Critical guardrail — do NOT naively delete guards¶

~130 of the 189 audited guards are KEEP. They are load-bearing, not noise:

Float/String fill_null is deliberately NOT broadened to 0.0 — filling EAD/provision nulls with 0.0 is anti-conservative (understates RWA). Boolean-only fill is pinned by tests/contracts/test_boolean_defaults_only.py; rationale in data/column_spec.py (Risk-sign-off conservatism gate).

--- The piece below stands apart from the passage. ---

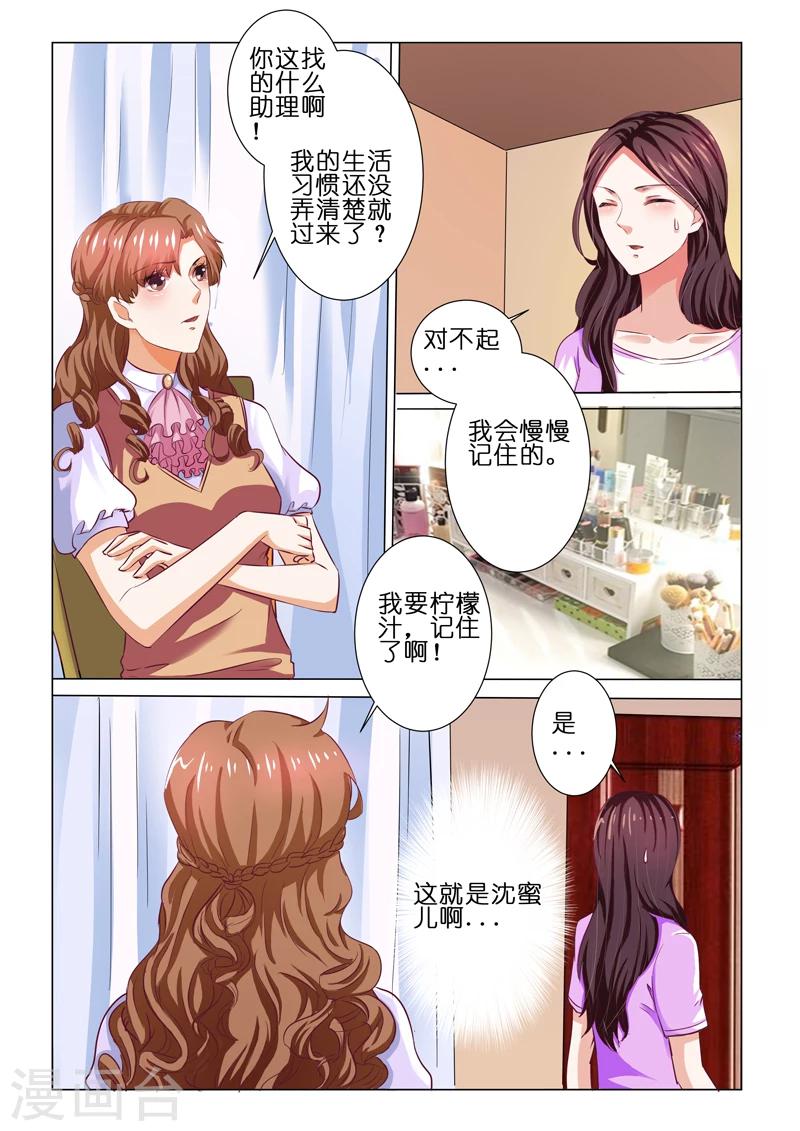 第65话2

Any contract added must use null defaults for Float/String.
KEEP also covers: optional-input-file None guards (no securitisations/SFTs/CIUs is normal), required-True input guards (beneficiary_type — ensure_columns never adds required columns), config-gated columns (sa_rwa), by-design-null columns (rwa_post_factor null on IRB rows), and regulatory tri-state null semantics (turnover_m null ≠ 0 for SME support factor; cp_is_managed_as_retail fill_null(True) for Art. 123A).

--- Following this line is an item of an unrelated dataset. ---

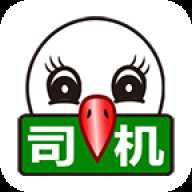 56888一点通车主版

Guard deletion is per-sealed-edge, triaged against the KEEP list, with the ratchet enforcing monotone decrease — never a bulk sweep.

Known anti-conservative divergences to resolve (recorded decisions required)¶

qualifies_as_retail: defaults True / True / False across data/schemas.py, sa/namespace.py (fill_null(True)), and b31_risk_weights.py (coalesce-False).
has_default_definition_info: absent → skip the equity 1.5× multiplier vs null → apply it (equity/calculator.py).

Each gets an explicit preserve-or-fix regulatory decision validated against tests/oracle/ before any golden regeneration (migration plan, Phase 0 hard ordering rule).

Regression guardrails¶

scripts/arch_check.py check_ratchet_metrics (Phase 0): guard counts may not increase.
Proposed check_no_redundant_presence_guard with a PRESENCE_GUARD_ALLOWLIST for the KEEP cases (lands with Phase 3 as edges seal).